LAMDA-SSL 0.0.0.2

LAMDA-SSL is an useful toolkit for semi-supervised learning.

Documentation | Paper | Examples

Introduction

In order to promote the research and application of semi-supervised learning algorithms, we has developed LAMDA-SSL which is a convenient and practical semi-supervised learning toolkit. LAMDA-SSL has complete functions, convenient interfaces and detailed documentations. It integrates statistical machine learning algorithms and deep learning algorithms into the same framework. It is compatible with the popular machine learning toolkit sklearn and the popular deep learning toolkit pytorch. It supports Pipeline mechanism and parameter search functions of sklearn and also supports GPU acceleration and distributed training functions of pytorch. At present, LAMDA-SSL contains 30 semi-supervised learning algorithms, including 12 algorithms based on statistical machine learning models and 18 algorithms based on deep learning models. LAMDA-SSL also contains 45 data processing methods used for 4 types of data: table, image, text, graph and 15 model evaluation criterias used for 3 types of task: classification, regression and clustering. LAMDA-SSL includes multiple modules such as data management, data transformation, algorithm application, model deployment and so on, which facilitates the implementation of end to end semi-supervised learning.

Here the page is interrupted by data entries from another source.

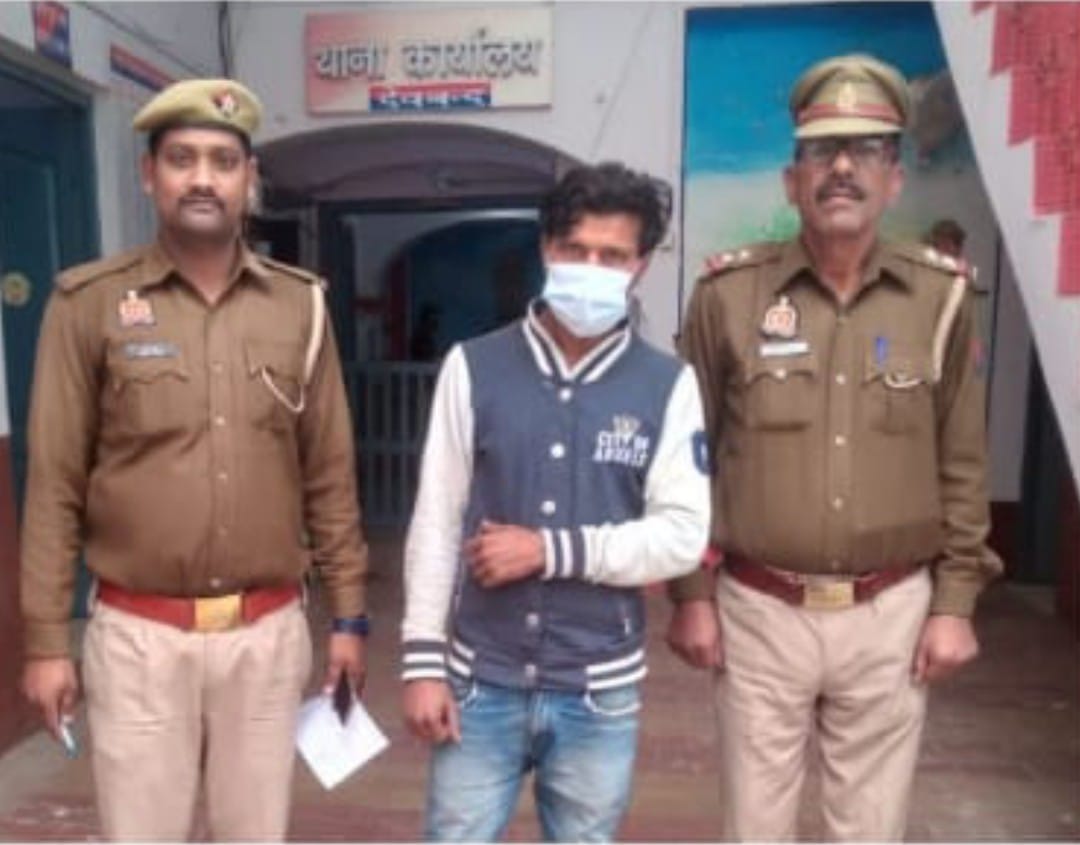 Police arrested an accused who stole batteries from vehicles in Deoband, Saharanpur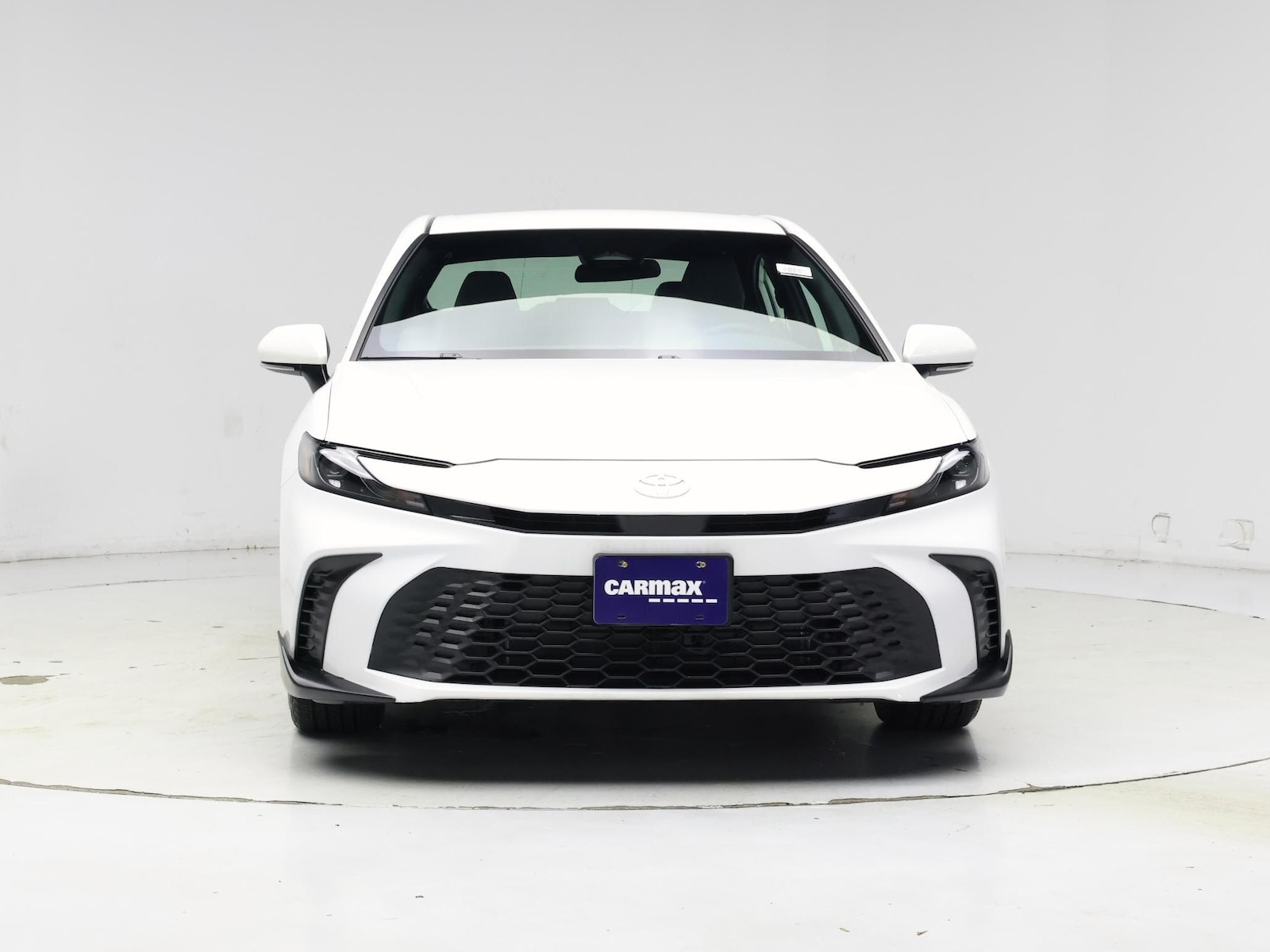 2026 Toyota Camry SE - Photo 6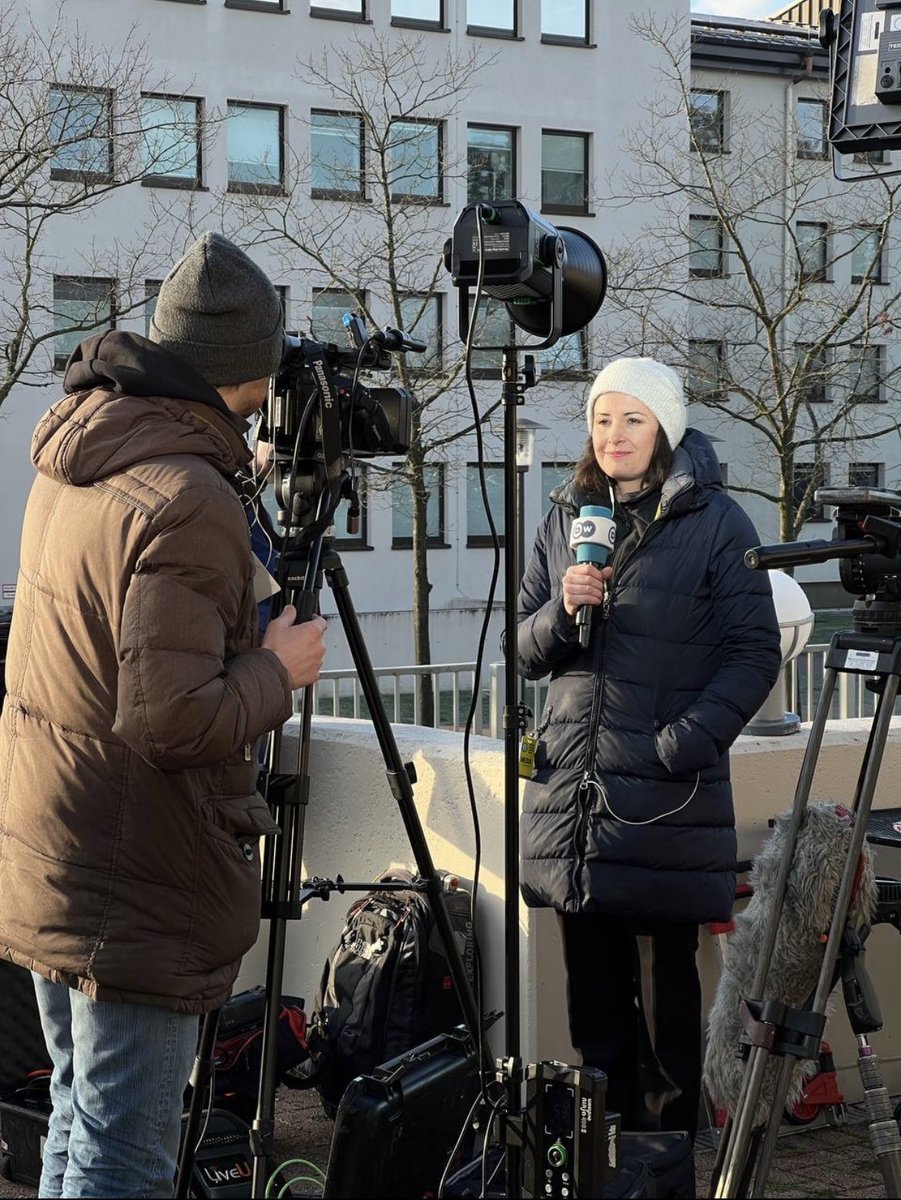 Reporting from #Ramstein today for @dw_politics @dwnews, where we‘re expecting the new 🇩🇪 defense minister #Pistorius to address the press at 13:45. Big question: Will Germany give its ✅ to #Leopard2 deliveries to 🇺🇦?📷: @vterentjeva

At present, LAMDA-SSL has implemented 30 semi-supervised learning algorithms, including 12 statistical semi-supervised learning algorithms and 18 deep semi-supervised learning algorithms.

For statistical semi-supervised learning, algorithms in LAMDA-SSL can be used for classification, regression and clustering. The algorithms used for classification task include generative method SSGMM; semi-supervised support vector machine methods TSVM and LapSVM; graph-based methods Label Propagation and Label Spreading; disagrement-based methods Co-Training and Tri-Training; ensemble methods SemiBoost and Assemble. The algorithm used for regression task is CoReg. The algorithms used for clustering task include Constrained K Means, Constrained Seed K Means.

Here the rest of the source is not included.